## [Web page caption snippets]
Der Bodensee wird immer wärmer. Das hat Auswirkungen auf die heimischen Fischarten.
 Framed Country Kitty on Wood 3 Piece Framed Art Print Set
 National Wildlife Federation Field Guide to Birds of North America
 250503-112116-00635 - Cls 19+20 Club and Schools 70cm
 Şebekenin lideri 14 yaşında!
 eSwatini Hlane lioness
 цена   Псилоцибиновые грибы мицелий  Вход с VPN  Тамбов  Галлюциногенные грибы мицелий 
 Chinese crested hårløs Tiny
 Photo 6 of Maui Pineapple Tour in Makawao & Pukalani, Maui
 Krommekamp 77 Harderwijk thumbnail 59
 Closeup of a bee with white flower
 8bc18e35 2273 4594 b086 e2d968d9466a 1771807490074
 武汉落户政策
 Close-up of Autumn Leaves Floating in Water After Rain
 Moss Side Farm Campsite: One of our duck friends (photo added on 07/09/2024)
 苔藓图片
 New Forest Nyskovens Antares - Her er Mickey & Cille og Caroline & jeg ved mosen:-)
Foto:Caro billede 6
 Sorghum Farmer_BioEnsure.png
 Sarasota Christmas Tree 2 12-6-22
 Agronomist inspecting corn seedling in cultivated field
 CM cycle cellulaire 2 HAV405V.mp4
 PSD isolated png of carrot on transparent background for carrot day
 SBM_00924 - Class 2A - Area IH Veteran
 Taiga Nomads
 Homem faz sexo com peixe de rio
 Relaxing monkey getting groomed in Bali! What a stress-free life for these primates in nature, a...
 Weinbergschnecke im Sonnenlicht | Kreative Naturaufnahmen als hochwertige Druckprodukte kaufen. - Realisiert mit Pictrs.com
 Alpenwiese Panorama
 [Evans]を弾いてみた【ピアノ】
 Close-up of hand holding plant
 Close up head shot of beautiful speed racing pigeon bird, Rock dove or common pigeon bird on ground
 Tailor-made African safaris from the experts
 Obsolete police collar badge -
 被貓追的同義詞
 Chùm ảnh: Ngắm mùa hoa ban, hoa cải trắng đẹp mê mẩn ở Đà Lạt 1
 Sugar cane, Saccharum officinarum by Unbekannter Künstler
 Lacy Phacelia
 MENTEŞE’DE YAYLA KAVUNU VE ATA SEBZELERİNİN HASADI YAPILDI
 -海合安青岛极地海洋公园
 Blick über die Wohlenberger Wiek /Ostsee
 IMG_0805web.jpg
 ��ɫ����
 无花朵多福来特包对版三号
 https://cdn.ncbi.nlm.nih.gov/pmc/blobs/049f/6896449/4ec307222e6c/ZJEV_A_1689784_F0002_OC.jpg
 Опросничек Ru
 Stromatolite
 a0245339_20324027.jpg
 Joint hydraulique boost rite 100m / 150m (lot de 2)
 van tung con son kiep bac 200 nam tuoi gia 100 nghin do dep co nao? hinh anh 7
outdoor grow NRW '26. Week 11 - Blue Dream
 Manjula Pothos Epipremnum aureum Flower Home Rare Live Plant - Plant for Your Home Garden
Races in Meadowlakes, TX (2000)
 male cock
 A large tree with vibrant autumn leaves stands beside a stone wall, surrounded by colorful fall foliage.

## [Problem to solve]
Where the data above reaches the line holding "Moss Side Farm", begin printing, and stop after the line holding "a0245339_20324027.jpg". Each line must be reproduced exactly, with nothing else added.

## [Problem solution]
 Moss Side Farm Campsite: One of our duck friends (photo added on 07/09/2024)
 苔藓图片
 New Forest Nyskovens Antares - Her er Mickey & Cille og Caroline & jeg ved mosen:-)
Foto:Caro billede 6
 Sorghum Farmer_BioEnsure.png
 Sarasota Christmas Tree 2 12-6-22
 Agronomist inspecting corn seedling in cultivated field
 CM cycle cellulaire 2 HAV405V.mp4
 PSD isolated png of carrot on transparent background for carrot day
 SBM_00924 - Class 2A - Area IH Veteran
 Taiga Nomads
 Homem faz sexo com peixe de rio
 Relaxing monkey getting groomed in Bali! What a stress-free life for these primates in nature, a...
 Weinbergschnecke im Sonnenlicht | Kreative Naturaufnahmen als hochwertige Druckprodukte kaufen. - Realisiert mit Pictrs.com
 Alpenwiese Panorama
 [Evans]を弾いてみた【ピアノ】
 Close-up of hand holding plant
 Close up head shot of beautiful speed racing pigeon bird, Rock dove or common pigeon bird on ground
 Tailor-made African safaris from the experts
 Obsolete police collar badge -
 被貓追的同義詞
 Chùm ảnh: Ngắm mùa hoa ban, hoa cải trắng đẹp mê mẩn ở Đà Lạt 1
 Sugar cane, Saccharum officinarum by Unbekannter Künstler
 Lacy Phacelia
 MENTEŞE’DE YAYLA KAVUNU VE ATA SEBZELERİNİN HASADI YAPILDI
 -海合安青岛极地海洋公园
 Blick über die Wohlenberger Wiek /Ostsee
 IMG_0805web.jpg
 ��ɫ����
 无花朵多福来特包对版三号
 https://cdn.ncbi.nlm.nih.gov/pmc/blobs/049f/6896449/4ec307222e6c/ZJEV_A_1689784_F0002_OC.jpg
 Опросничек Ru
 Stromatolite
 a0245339_20324027.jpg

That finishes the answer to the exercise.